The New York Times of February 9, 2006, includes this information:

United States military authorities have taken tougher measures to force-feed detainees engaged in hunger strikes at Guantánamo Bay, Cuba, after concluding that some were determined to commit suicide to protest their indefinite confinement, military officials have said.

In recent weeks, the officials said, guards have begun strapping recalcitrant detainees into "restraint chairs," sometimes for hours a day, to feed them through tubes and prevent them from deliberately vomiting afterward.

Some officials said the new actions reflected concern at Guantánamo and the Pentagon that the protests were becoming difficult to control and that the death of one or more prisoners could intensify international criticism of the detention center.

Colonel Martin said force-feeding was carried out "in a humane and compassionate manner" and only when necessary to keep the prisoners alive.
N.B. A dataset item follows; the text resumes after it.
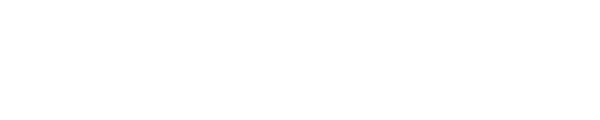 Needlejig logo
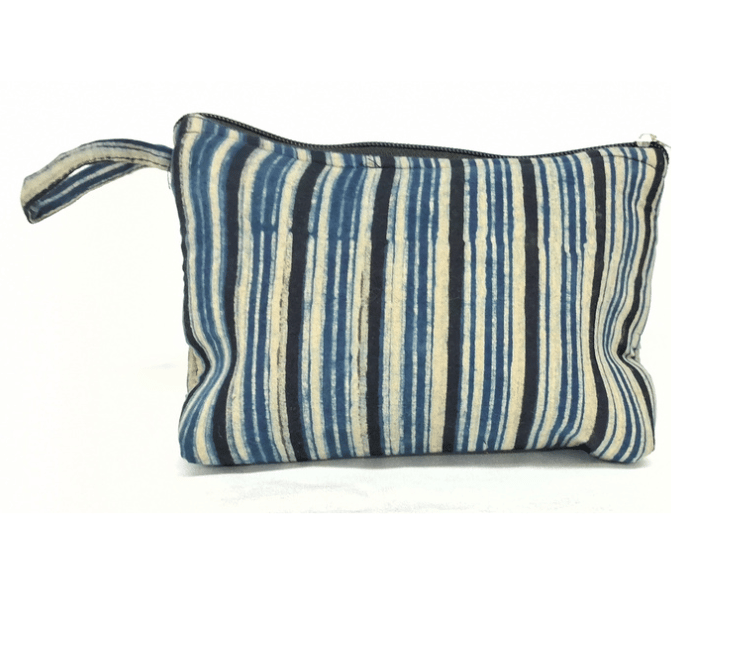 Small Pouch (Multipurpose) | Compact Storage | Daily Use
He said in a statement that "a restraint system to aid detainee feeding" was being used but refused to answer questions about the restraint chairs.

The Times quotes lawyers representing six of the prisoners:

"It is clear that the government has ended the hunger strike through the use of force and through the most brutal and inhumane types of treatment," said Thomas B. Wilner, a lawyer at Shearman & Sterling in Washington, who last week visited the six Kuwaiti detainees he represents. "It is a disgrace."

The extent of this disgrace is indicated in the article:

The Guantánamo prison, which is holding some 500 detainees, has been beset by periodic hunger strikes almost since it was established in January 2002 to hold foreign terror suspects. At least one detainee who went on a prolonged hunger strike was involuntarily fed through a nasal tube in 2002, military officials said.

Since last year, the protests have intensified, a sign of what defense lawyers say is the growing desperation of the detainees. In a study released yesterday, two of those lawyers said Pentagon documents indicated that the military had determined that only 45 percent of the detainees had committed some hostile act against the United States or its allies and that only 8 percent were fighters for Al Qaeda.

These words are chilling: "'This is just a reality of long-term detention,’ a Pentagon official said. 'It doesn’t matter whether you’re at Leavenworth or some other military prison. You are going to have to deal with this kind of thing.’"

We do not know the exact methods adopted to force-feed these prisoners, not least because the Pentagon is reluctant to go into details and some of its statements conflict:

Until yesterday, Guantánamo officials had acknowledged only having forcibly restrained detainees to feed them a handful of times. In those cases, the officials said, doctors had restrained detainees on hospital beds using Velcro straps.

Two military officials, who insisted on anonymity because they were not authorized to discuss the question, said that the use of restraint chairs started after it was found that some hunger strikers were deliberately vomiting in their cells after having been tube-fed and that their health was growing precarious.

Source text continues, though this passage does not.